Figure 5: PTC photovoltaic panel comparisons 

The outlook for the future of photovoltaics is extremely promising. According to data collected from Robert Margolis of the National Renewable Energy Laboratory, photovoltaic module pricing (not including installation) has shown an incredible drop in pricing since 1980 (8). Figure 6 below shows a decline of nearly half every 10.5 years, which equals an estimated 6% drop per year.

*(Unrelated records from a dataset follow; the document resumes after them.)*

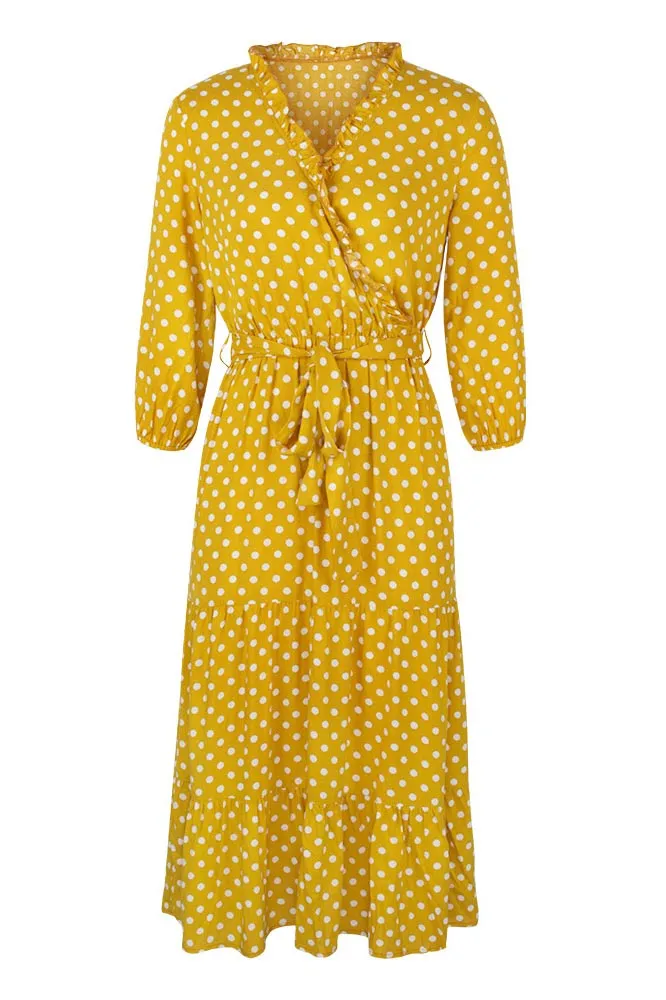 Classic Polka Dot Printed Gathered Waist  Midi Dress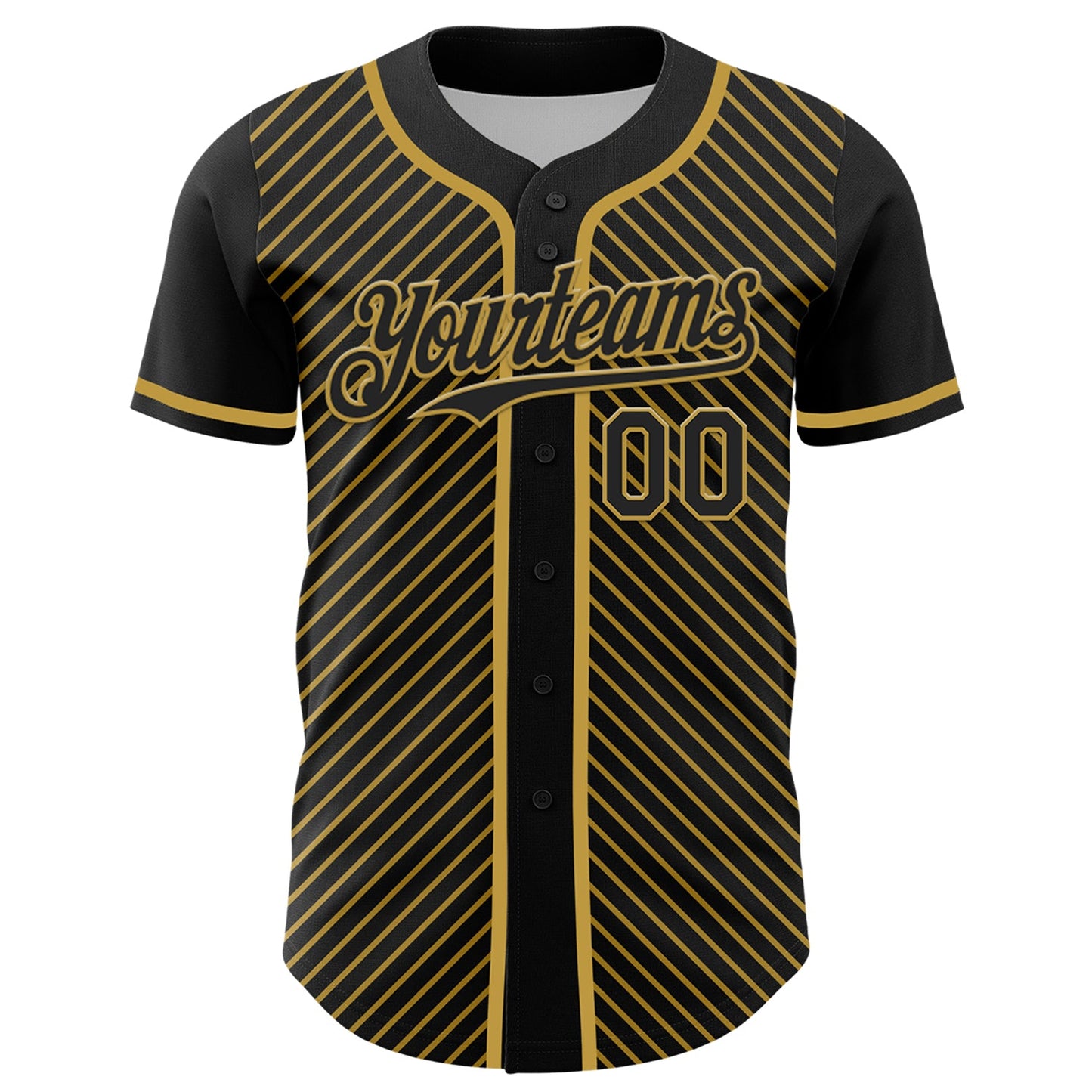 Custom Black Old Gold 3D Pattern Design Diagonal Stripes Authentic Baseball Jersey - Sky-Custom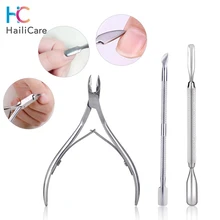 3 шт./лот, ложка для кутикулы из нержавеющей стали, толкатель для удаления кусачек, триммер, машинка для стрижки ногтей, резак, инструменты для маникюра и дизайна ногтей, набор Fils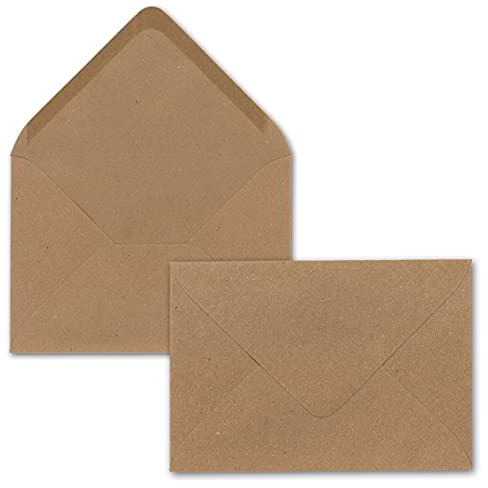 Briefumschläge in Sandbraun (braun)- 25 Stück - DIN C5 Kuverts 22,0 x 15,4 cm - Kraftpapier - Nassklebung ohne Fenster - Weihnachten, Grußkarten - Serie FarbenFroh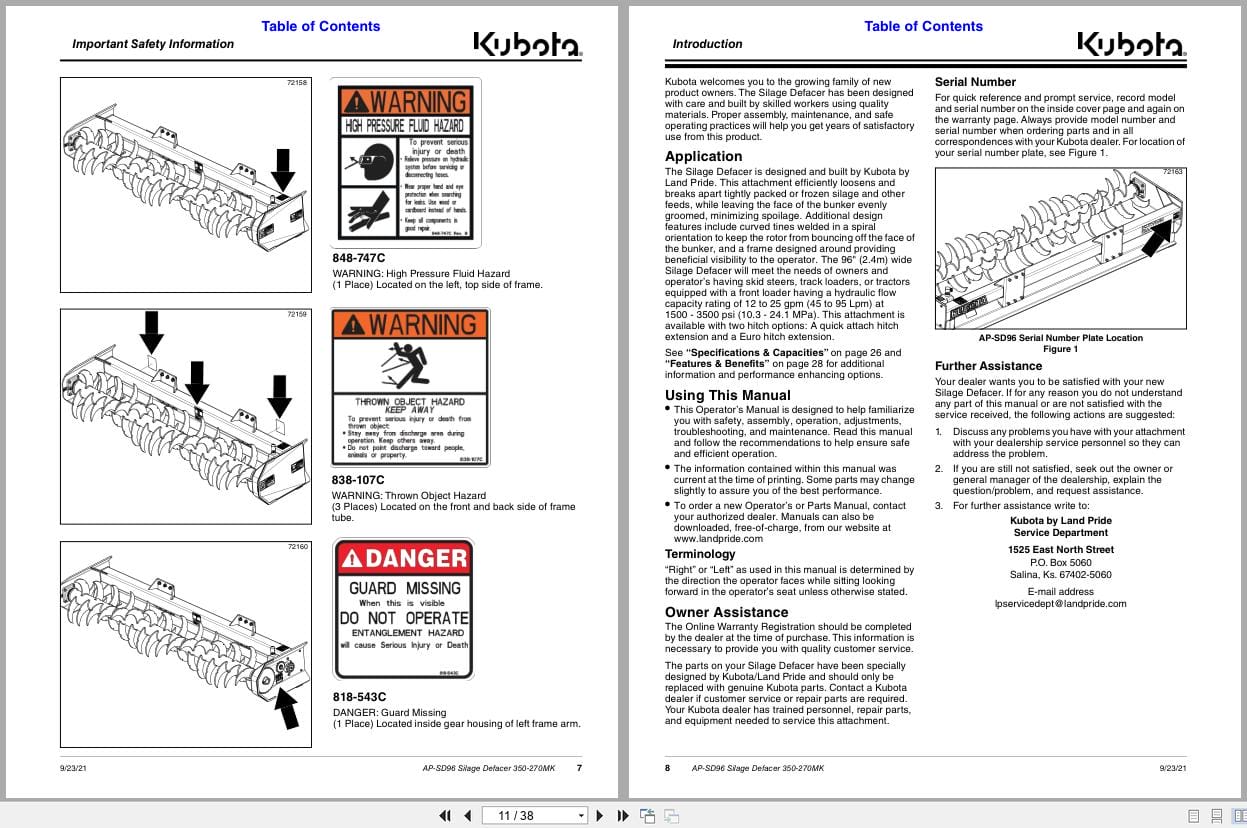Kubota Silage Defacer AP SD96 Operation Manual 350 270MK (2)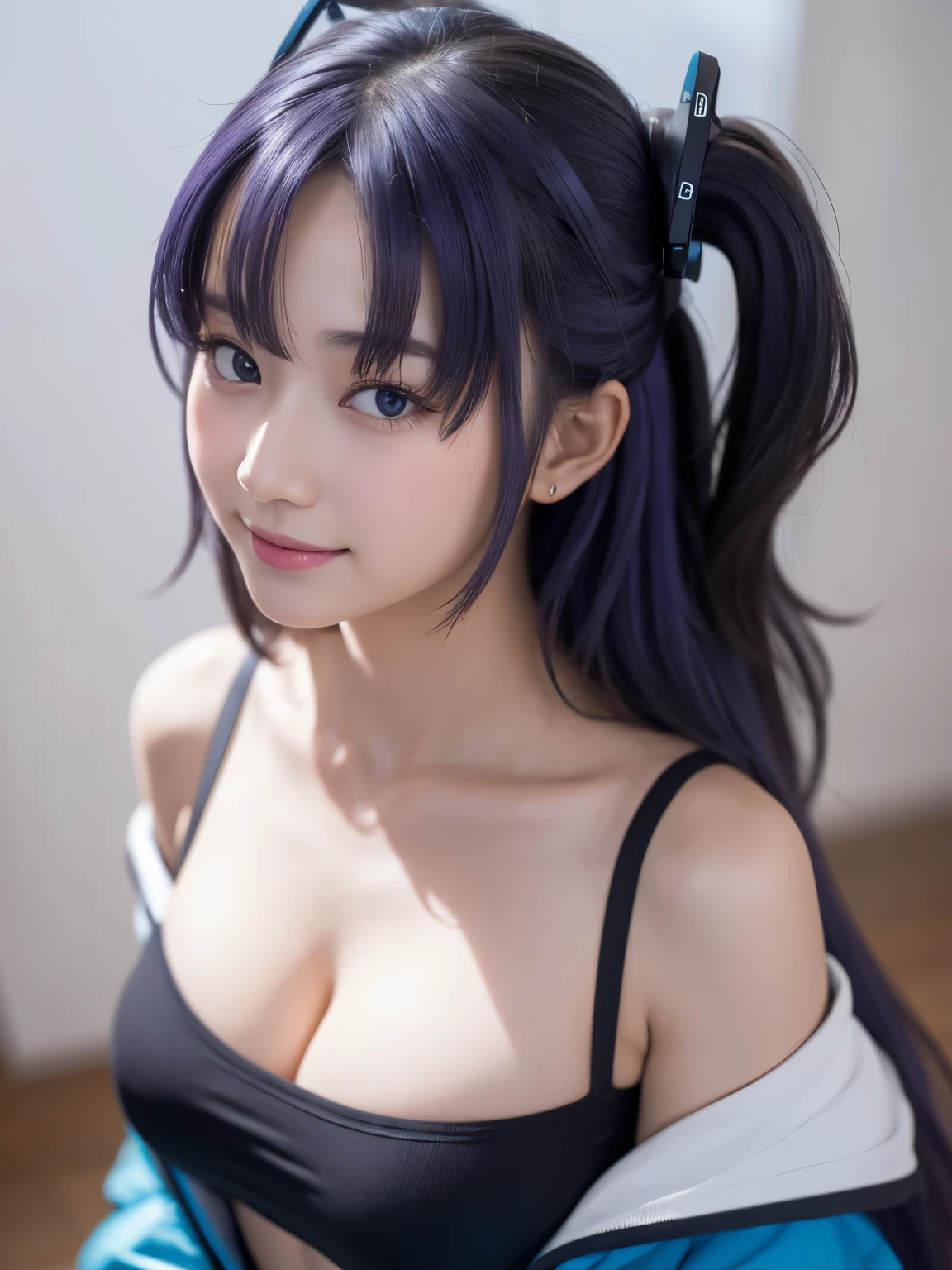 (shoot from above:1.3), looking back,Selfie, (beautiful japanese girl), (Shot with Canon EOS 5D Mark 4 and Canon EF Lens 85mm F1.8L lens, F value 2.8, ISO 50, shutter speed 64), beautiful and fine eyes, perfection , perfection, roll your eyes, detailed face, fine eyes, excellent quality, masterpiece, very detailed, Advanced level of detail, many details, high quality, cinematic light, real hands, (super realistic:1.3), smile, seductive smile, high school student , perfect eyes, detailed skin, skin blemish, (153cm tall), (chubby : 1.3), cleavage, disproportionate breasts, 
yuuka, blue eyes, halo, (purple hair), two side up, long hair,
braless, Hollow Out 3/4 Sleeve Pullover Sweater Off Shoulder T-Shirts, Mini Skater Skirts,
Virtual Reality District, Virtual Reality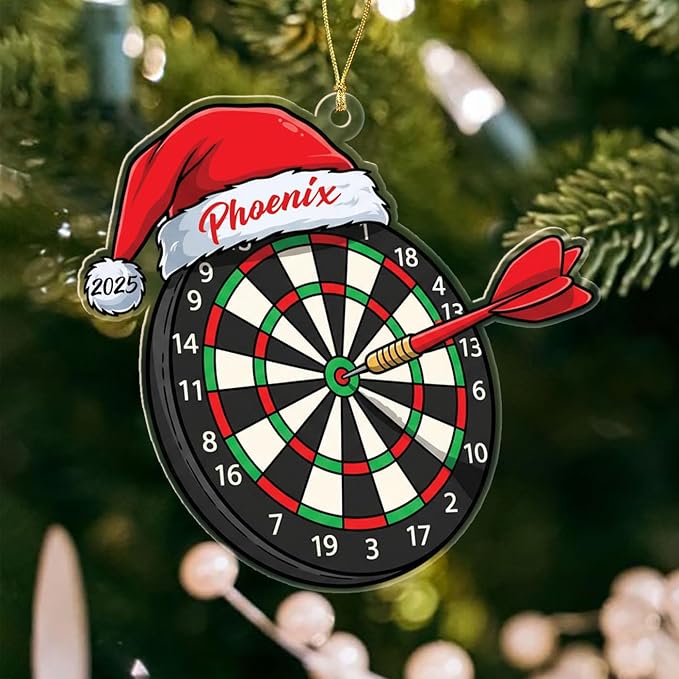 Personalized Dart Board Santa Hat Shaped Xmas Ornament 2025, Dart Board Christmas Ornament Gift for Darts Lover Men Women Dad Mom Daughter Son, Custom Year Name Ornaments for Darts Fans Player Team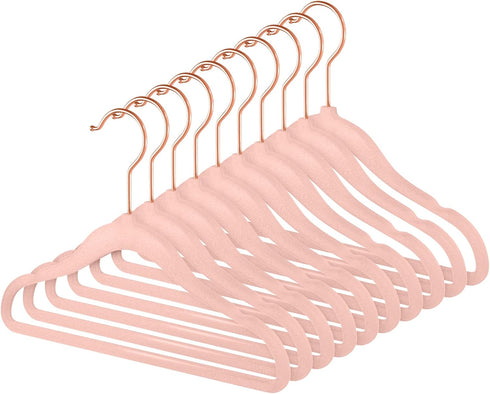 MIZGI Premium Kids Velvet Hangers (Pack of 50) with Copper/Rose Gold Hooks,Space Saving Ultra Thin,Non Slip Baby Hangers for Children's Skirt Dres...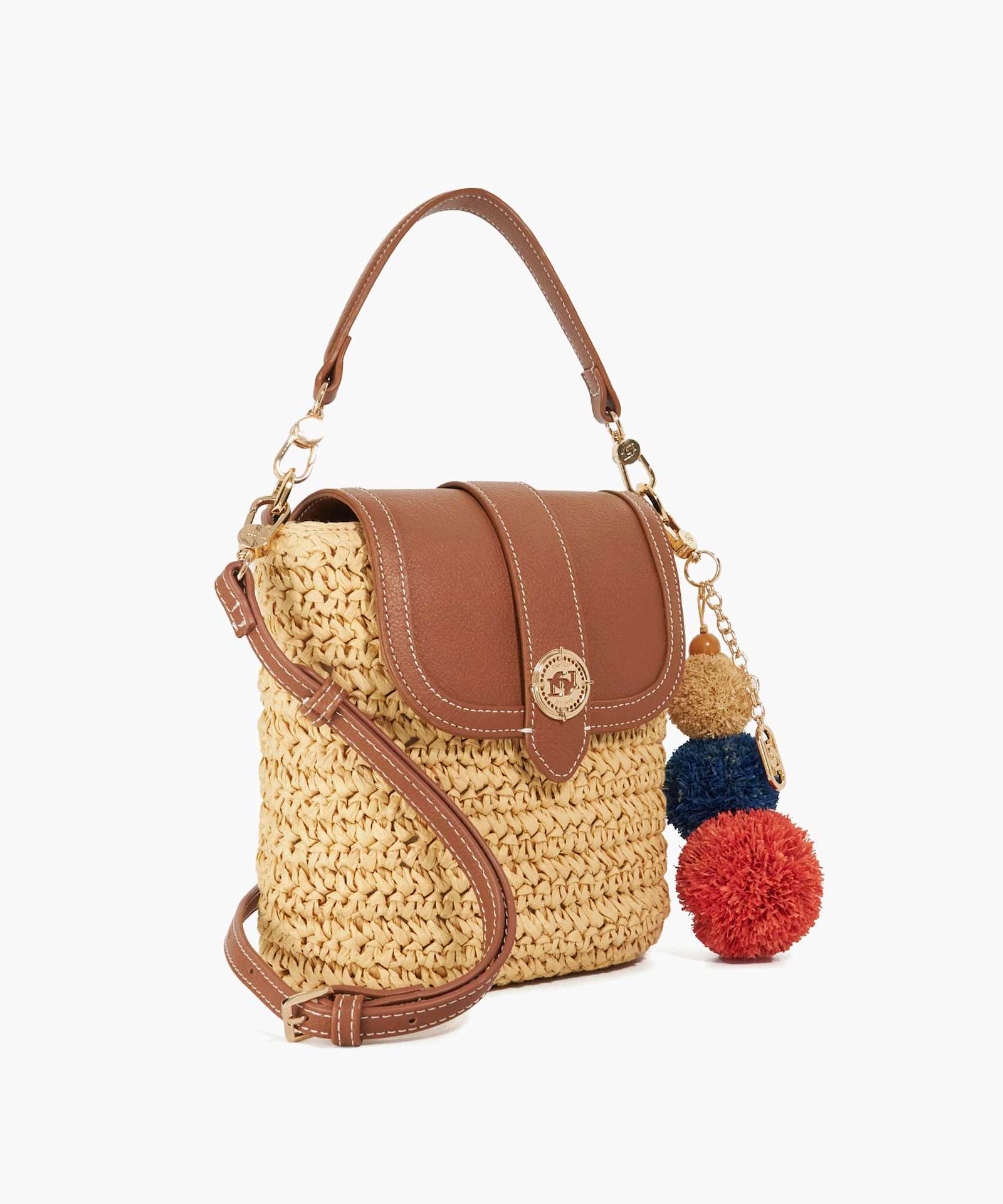 Dimple Raffia Crossbody Bag - natural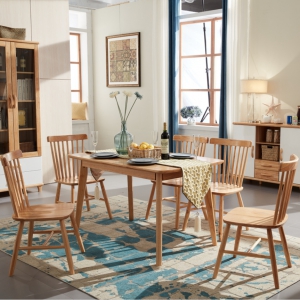 预售-北欧原木色实木餐桌椅小户型吃饭桌家用4人长方形一桌六椅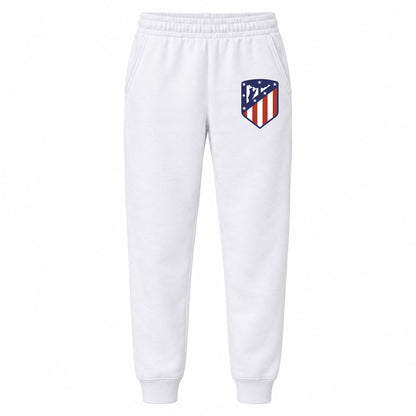 Atletico Madrid FC youth jogger sweatpants, White, Youth Large ages 10–12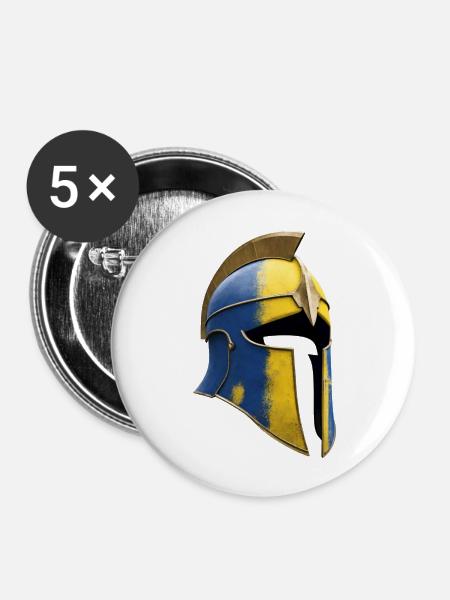 Spartanischer Helm - Buttons groß 56 mm (5er Pack) - Weiß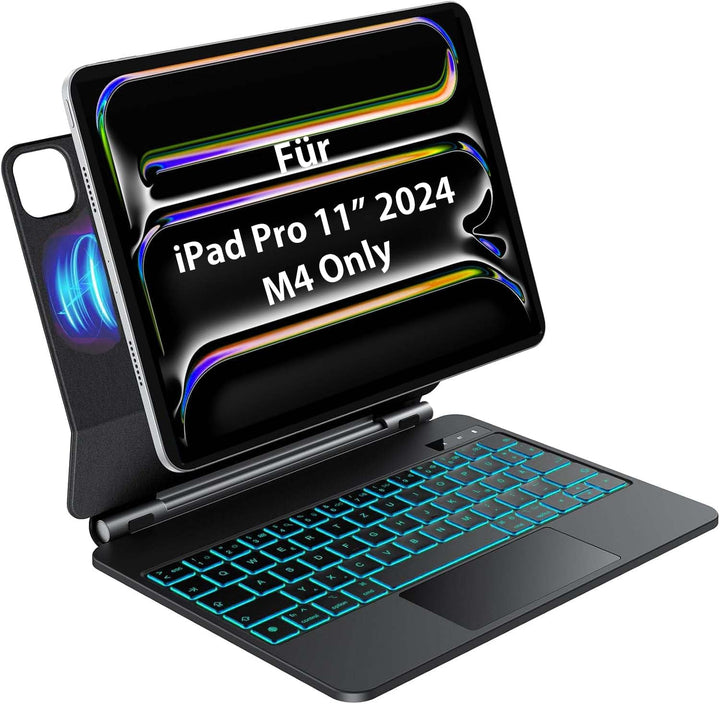 OMOTON Für iPad Pro 11 (M4,2024) Tastatur mit Hülle, Kabellos Beleuchtete Tastatur QWERTZ mit Multi-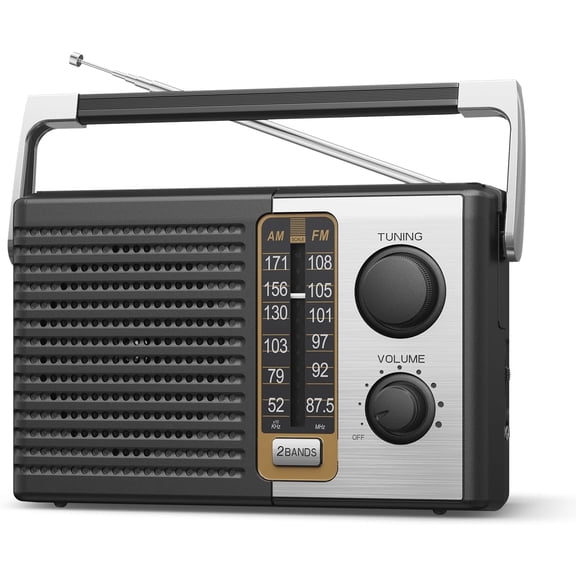 AM FM Radio with Best Reception, Portable Battery Operated Transistor Radios, Headphone Jack, AC Powered, Suit for Senior and Home, Black
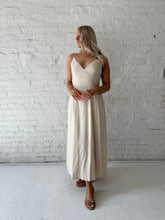 Adriene Beige Linen Midi Dress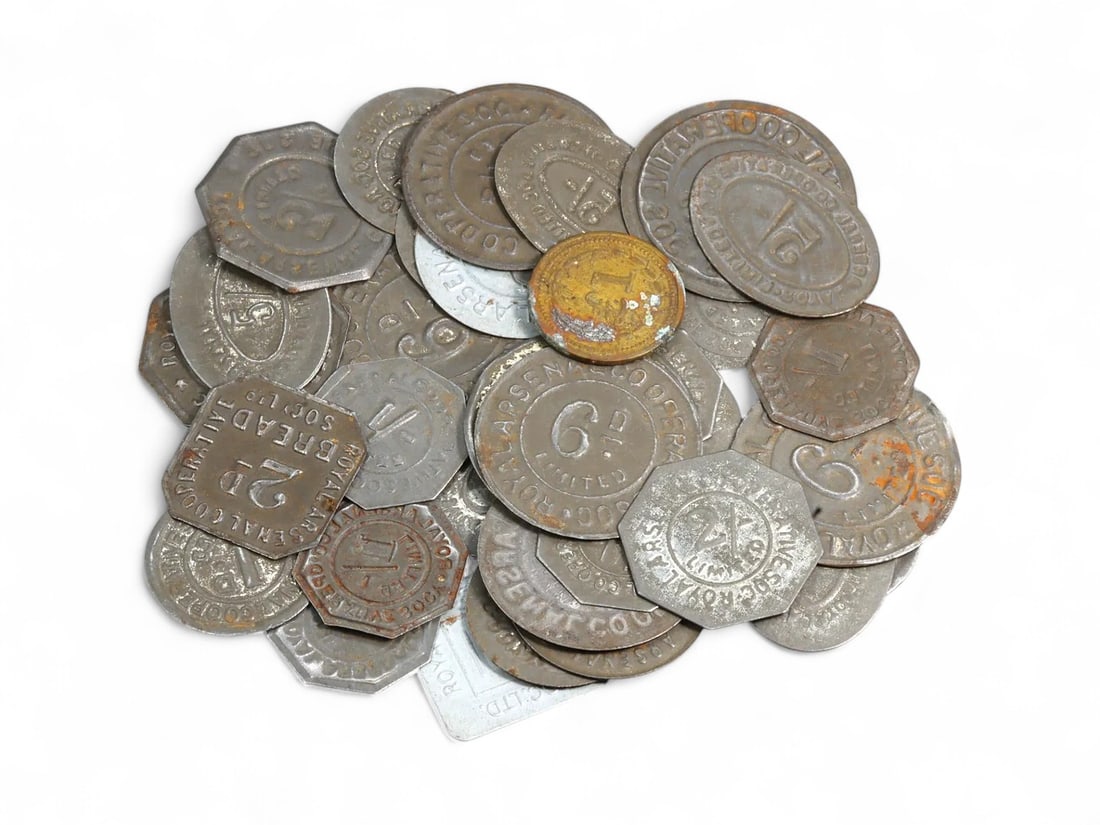 Antique British Co-operative Society Tokens - 36 Mixed Metal Trade Pieces, 52g (1 of 1)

Figure 6: Decline of PV price from 1980-2025

The break-even cost of PV systems is the point where PV-generated electricity equals out to the same price as grid electricity and is typically expressed in $/W of a system. Margolis has estimated that 2015 will be the “magic year” for solar panels to actually cost less than grid electricity under the following assumptions: 1.) Photovoltaic installation prices will be twice that of the modules, 2.) the price decline of modules will follow the same curve as above, 3.) today’s average grid power of $0.10/kWh, 4.) the inflation rate for grid power will remain at a 3% increase over the market inflation rate, 5.) one watt of photovoltaic capacity one kWh of electricity per year.

Are photovoltaic technologies and solar energy the solution to the question of “Where will we get our future energy from?” Possibly. Are they a step in the right direction for fossil fuel independence? Absolutely.